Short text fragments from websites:
● ● ● ● ● ● ●

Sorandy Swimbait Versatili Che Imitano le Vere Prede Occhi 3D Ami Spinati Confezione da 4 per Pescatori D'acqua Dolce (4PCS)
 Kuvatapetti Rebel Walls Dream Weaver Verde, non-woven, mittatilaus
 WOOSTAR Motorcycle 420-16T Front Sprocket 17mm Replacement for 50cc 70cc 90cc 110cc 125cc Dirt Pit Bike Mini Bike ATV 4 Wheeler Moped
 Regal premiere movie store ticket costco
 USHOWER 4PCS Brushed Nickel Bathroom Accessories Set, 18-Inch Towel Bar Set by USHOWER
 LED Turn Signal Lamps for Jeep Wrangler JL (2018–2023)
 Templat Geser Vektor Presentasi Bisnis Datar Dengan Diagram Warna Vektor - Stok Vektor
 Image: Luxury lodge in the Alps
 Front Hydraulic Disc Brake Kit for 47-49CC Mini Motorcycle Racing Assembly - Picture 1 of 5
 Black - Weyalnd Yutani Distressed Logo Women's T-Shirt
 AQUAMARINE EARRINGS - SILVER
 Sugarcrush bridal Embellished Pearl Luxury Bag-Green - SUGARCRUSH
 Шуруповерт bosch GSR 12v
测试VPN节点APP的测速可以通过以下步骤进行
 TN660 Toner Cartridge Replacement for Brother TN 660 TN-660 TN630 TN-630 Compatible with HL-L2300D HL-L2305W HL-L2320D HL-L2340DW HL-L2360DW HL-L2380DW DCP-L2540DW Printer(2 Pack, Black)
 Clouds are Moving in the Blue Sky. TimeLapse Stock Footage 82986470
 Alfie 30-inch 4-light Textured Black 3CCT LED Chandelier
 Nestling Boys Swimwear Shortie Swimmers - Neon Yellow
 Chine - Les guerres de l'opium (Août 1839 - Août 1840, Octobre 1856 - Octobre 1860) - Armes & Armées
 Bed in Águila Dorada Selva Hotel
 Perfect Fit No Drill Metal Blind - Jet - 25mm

● ● ● ● ● ● ●

(BRIEF):
The whole of the data is to be returned with every line intact.

(RESPONSE BOX):
Sorandy Swimbait Versatili Che Imitano le Vere Prede Occhi 3D Ami Spinati Confezione da 4 per Pescatori D'acqua Dolce (4PCS)
 Kuvatapetti Rebel Walls Dream Weaver Verde, non-woven, mittatilaus
 WOOSTAR Motorcycle 420-16T Front Sprocket 17mm Replacement for 50cc 70cc 90cc 110cc 125cc Dirt Pit Bike Mini Bike ATV 4 Wheeler Moped
 Regal premiere movie store ticket costco
 USHOWER 4PCS Brushed Nickel Bathroom Accessories Set, 18-Inch Towel Bar Set by USHOWER
 LED Turn Signal Lamps for Jeep Wrangler JL (2018–2023)
 Templat Geser Vektor Presentasi Bisnis Datar Dengan Diagram Warna Vektor - Stok Vektor
 Image: Luxury lodge in the Alps
 Front Hydraulic Disc Brake Kit for 47-49CC Mini Motorcycle Racing Assembly - Picture 1 of 5
 Black - Weyalnd Yutani Distressed Logo Women's T-Shirt
 AQUAMARINE EARRINGS - SILVER
 Sugarcrush bridal Embellished Pearl Luxury Bag-Green - SUGARCRUSH
 Шуруповерт bosch GSR 12v
测试VPN节点APP的测速可以通过以下步骤进行
 TN660 Toner Cartridge Replacement for Brother TN 660 TN-660 TN630 TN-630 Compatible with HL-L2300D HL-L2305W HL-L2320D HL-L2340DW HL-L2360DW HL-L2380DW DCP-L2540DW Printer(2 Pack, Black)
 Clouds are Moving in the Blue Sky. TimeLapse Stock Footage 82986470
 Alfie 30-inch 4-light Textured Black 3CCT LED Chandelier
 Nestling Boys Swimwear Shortie Swimmers - Neon Yellow
 Chine - Les guerres de l'opium (Août 1839 - Août 1840, Octobre 1856 - Octobre 1860) - Armes & Armées
 Bed in Águila Dorada Selva Hotel
 Perfect Fit No Drill Metal Blind - Jet - 25mm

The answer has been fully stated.